To further analyze the role of P2X7 in osteoblasts under HG conditions, BBG and BzATP were used to antagonize and activate P2X7 function, respectively. The present results demonstrated that overexpression of P2X7 promoted the differentiation of MC3T3-E1. BBG had no significant effect on cell viability, indicating that BBG had no obvious toxicity to cells. In addition, BBG and BzATP participated in the differentiation of osteoblast MC3T3-E1 by regulating the function of P2X7. In addition, the overexpression of P2X7 partially reversed the effects of BBG with or without HG treatment. Wu et al (38) used a hyperglycemic mice model to investigate the effect of HG on bone formation and bone resorption. Nicke et al (39) describe a novel P2X7 isoform with distinct functional properties that contributes to the diversity of P2X7 receptor signaling. In the present study, it was demonstrated that HG caused damage to osteogenic MC3T3-E1 cells and that the overexpression of P2X7 increased osteogenic differentiation and proliferation of MC3T3-E1 cells. It was also found that inhibiting P2X7 decreased osteogenesis under HG conditions. Therefore, the findings of the present study suggested that P2X7 may be a regulator of the action of HG on osteogenic MC3T3-E1 cells. Future studies will be required to provide a more in-depth validation experiments of P2X7 in osteoblasts under HG conditions.
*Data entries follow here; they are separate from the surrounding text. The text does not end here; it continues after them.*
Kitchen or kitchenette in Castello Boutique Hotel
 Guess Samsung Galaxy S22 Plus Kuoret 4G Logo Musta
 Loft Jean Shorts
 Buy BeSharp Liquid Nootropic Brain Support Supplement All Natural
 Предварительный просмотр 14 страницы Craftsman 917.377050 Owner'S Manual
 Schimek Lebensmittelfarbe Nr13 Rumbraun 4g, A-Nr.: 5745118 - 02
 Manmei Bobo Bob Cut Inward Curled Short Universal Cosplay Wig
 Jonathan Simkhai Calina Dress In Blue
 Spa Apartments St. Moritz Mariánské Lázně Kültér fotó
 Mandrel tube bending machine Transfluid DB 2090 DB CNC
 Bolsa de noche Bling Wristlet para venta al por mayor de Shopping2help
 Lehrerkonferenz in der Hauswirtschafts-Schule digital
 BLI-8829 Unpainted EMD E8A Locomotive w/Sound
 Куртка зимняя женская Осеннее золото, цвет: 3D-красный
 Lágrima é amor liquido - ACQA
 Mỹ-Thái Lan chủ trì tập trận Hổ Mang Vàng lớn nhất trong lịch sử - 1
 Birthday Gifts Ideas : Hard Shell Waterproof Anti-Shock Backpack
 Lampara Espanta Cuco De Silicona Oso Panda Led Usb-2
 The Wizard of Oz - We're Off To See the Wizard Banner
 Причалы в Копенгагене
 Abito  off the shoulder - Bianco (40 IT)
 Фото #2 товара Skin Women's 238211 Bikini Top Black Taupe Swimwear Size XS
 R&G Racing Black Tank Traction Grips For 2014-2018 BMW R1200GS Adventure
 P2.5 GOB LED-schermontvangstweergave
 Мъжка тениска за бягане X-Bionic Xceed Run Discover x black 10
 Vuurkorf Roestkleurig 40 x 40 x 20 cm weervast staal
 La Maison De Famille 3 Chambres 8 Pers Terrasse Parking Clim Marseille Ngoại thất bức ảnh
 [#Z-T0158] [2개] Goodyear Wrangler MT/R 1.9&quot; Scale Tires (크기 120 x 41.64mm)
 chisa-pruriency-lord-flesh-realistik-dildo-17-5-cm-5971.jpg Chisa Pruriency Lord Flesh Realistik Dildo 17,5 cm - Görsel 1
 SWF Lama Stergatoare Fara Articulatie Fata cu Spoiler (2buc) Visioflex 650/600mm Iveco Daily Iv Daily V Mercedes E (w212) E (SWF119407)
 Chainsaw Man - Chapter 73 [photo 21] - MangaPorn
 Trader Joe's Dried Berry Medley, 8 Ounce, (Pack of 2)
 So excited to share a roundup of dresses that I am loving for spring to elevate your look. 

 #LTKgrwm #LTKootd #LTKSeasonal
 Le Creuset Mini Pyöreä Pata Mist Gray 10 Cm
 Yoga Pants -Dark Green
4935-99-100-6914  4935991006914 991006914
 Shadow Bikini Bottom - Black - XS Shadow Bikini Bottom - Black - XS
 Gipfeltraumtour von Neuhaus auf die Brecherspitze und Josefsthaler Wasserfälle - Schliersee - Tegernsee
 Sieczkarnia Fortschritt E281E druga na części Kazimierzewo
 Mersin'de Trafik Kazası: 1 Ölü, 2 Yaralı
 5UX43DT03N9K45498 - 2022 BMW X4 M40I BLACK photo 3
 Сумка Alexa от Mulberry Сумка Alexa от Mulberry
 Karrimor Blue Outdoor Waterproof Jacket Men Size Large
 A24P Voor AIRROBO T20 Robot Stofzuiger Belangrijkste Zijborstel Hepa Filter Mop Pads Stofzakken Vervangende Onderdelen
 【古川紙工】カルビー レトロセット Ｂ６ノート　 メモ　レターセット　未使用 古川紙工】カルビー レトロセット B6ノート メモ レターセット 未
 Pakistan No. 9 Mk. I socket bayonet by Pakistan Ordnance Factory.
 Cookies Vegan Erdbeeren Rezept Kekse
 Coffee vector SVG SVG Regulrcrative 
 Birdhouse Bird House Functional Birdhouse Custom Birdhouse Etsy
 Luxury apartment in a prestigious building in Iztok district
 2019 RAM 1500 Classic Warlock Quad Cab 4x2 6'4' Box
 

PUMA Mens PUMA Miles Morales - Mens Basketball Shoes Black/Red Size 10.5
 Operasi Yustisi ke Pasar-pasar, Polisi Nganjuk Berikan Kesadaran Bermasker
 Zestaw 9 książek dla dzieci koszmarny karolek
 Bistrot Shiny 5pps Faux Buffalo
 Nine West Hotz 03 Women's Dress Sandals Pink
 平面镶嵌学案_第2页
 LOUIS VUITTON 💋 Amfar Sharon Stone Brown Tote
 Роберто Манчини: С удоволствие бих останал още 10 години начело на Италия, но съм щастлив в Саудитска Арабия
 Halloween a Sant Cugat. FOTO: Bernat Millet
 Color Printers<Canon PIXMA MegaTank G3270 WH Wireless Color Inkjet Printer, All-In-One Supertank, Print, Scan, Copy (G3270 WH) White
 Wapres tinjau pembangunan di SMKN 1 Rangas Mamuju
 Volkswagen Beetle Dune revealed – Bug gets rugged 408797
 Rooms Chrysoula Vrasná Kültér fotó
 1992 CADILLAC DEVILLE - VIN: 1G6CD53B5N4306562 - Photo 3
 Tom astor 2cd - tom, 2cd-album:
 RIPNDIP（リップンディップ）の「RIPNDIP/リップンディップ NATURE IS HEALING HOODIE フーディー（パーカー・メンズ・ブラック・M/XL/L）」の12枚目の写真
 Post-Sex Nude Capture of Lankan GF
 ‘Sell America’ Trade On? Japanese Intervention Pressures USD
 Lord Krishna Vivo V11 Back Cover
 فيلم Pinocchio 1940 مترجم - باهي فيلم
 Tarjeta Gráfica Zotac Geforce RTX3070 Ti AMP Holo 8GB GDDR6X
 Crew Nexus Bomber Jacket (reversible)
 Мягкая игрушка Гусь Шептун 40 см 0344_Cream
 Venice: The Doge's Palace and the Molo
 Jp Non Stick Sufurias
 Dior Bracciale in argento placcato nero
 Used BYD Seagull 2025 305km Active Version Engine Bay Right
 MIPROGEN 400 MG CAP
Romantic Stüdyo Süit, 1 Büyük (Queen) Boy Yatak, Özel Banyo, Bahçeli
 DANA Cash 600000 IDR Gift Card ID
In conclusion, the present study indicated that HG stimulation inhibited the proliferation and differentiation of osteoblasts by downregulating the expression of P2X7, and that activating P2X7 could significantly improve the function of osteoblasts under HG conditions. However, the role of P2X7 in insulin and glucose metabolism requires further investigation, since the present study did not examine the relationship between P2X7 and GPRC6A. In addition, the culture of cells in HG conditions could affect cell viability, which may also affect osteoblast differentiation.